In May, a majority of shareholders of Irving, Texas-based Exxon Mobil approved a nonbinding shareholder resolution, which had been opposed by the company, to disclose the impact on its business of compliance with global climate change guidelines.

Shareholders that supported the resolution included the Sacramento-based California Public Employees’ Retirement system, the largest public pension plan in the United States with more than $300 billion in investments.

A CalPERS spokesman said the pension fund has filed 17 shareholder letters this year supporting climate risk reporting proposals with the U.S. Securities and Exchange Commission.
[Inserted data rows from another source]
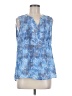 Notations Blue Sleeveless Blouse Size M (petite) - photo 1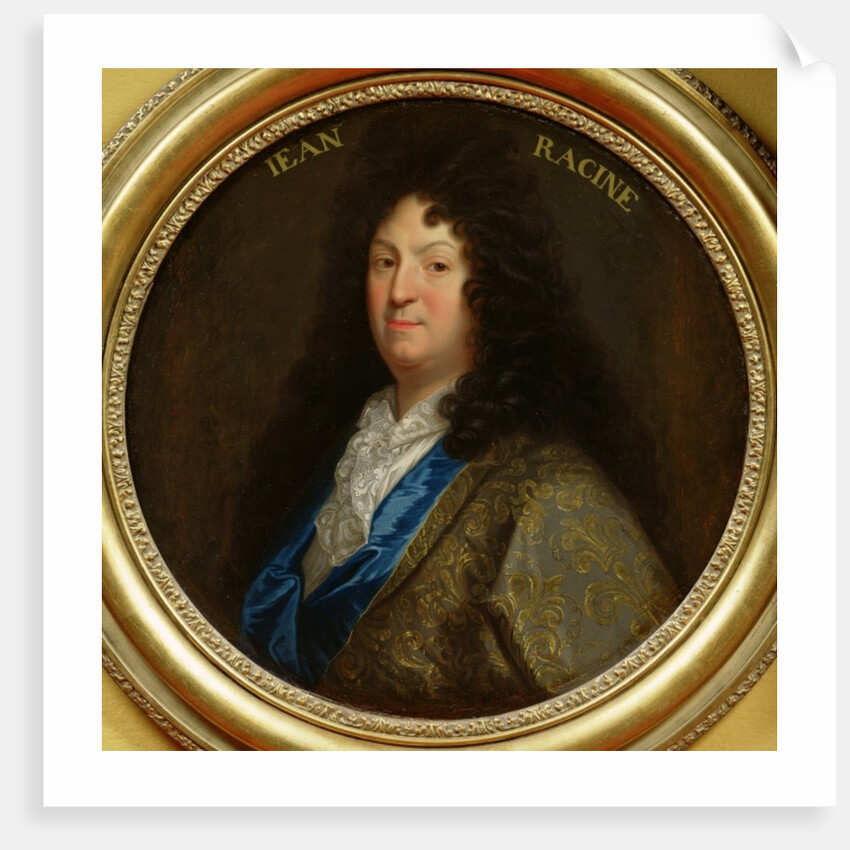 Portrait of Jean Racine by Jean Baptiste (after) Santerre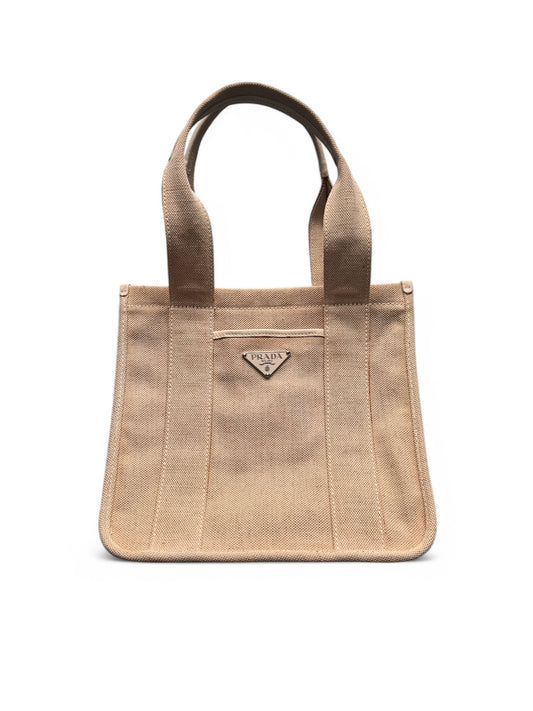 Vintage Prada Canvas Tote Bag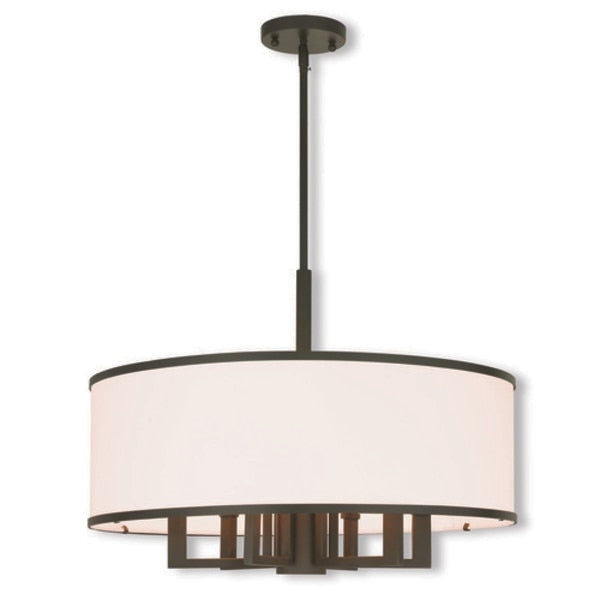 Park Ridge 7 Light Bronze Pendant Chandelier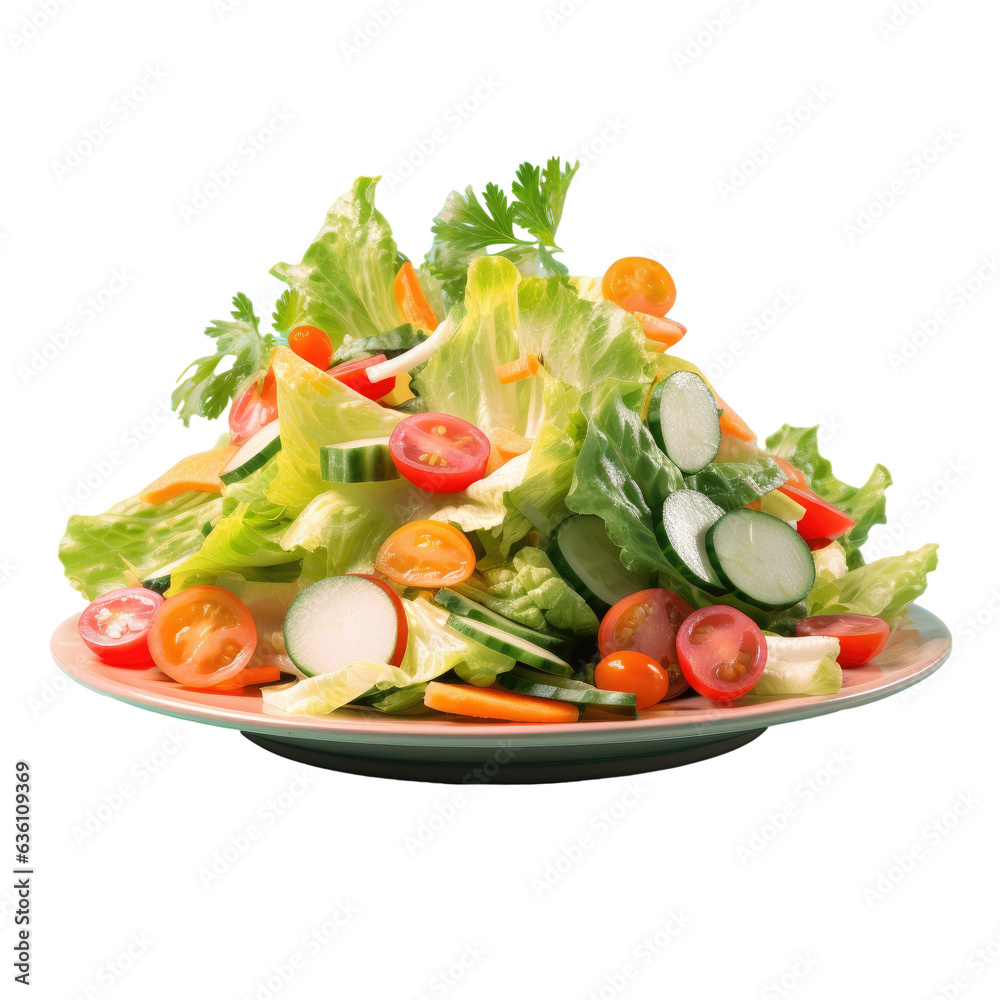 Salad with a variety of fresh vegetables Salad with a variety of fresh vegetables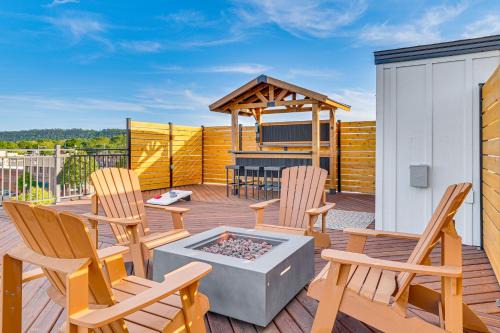 1 Block to Lake City Marina Condo with Rooftop Deck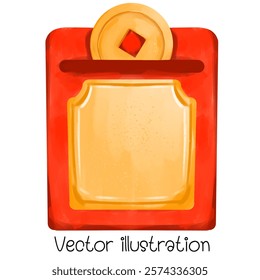  Gold coins for Chinese New Year decoration vector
Separately, the New York and Massachusetts attorneys general are investigating the oil company’s climaterelated policies. New York Attorney General Eric Schneiderman labeled as a possible “sham” Exxon Mobil’s method to assess the potential impacts of climate change policies on global energy demand.

Similar climate-related resolutions were approved earlier in May by shareholders of Houston-based Occidental Petroleum Corp. and Allentown, Pennsylvaniabased energy company PPL Corp.

Meanwhile, in November, a purported class action lawsuit was filed in U.S. District Court in Dallas in Pedro Ramirez Jr. v. Exxon Mobil Corp. et al. charging that Exxon’s climate change policies have led its stock to be artificially inflated.

“There’s no question that activist shareholders are looking at potential avenues for compelling their companies to take more affirmative steps to reduce their impact on climate changes or to reduce their carbon footprint,” said Peter M. Gillon, a partner with Pillsbury Winthrop Shaw Pittman L.L.P. in Washington, referring to that lawsuit.

Observers also pointed to San Ramon, California-based Chevron Corp.’s Feb. 23, 2016, 10-K financial report to the SEC, which states “increasing attention to climate change risk has resulted in an increased possibility of governmental investigations and, potentially, private litigation against the company.”

Observers say this is the first time a major publicly-traded fossil fuel company has publicly admitted that investors’ climate change lawsuits pose a risk to its profits.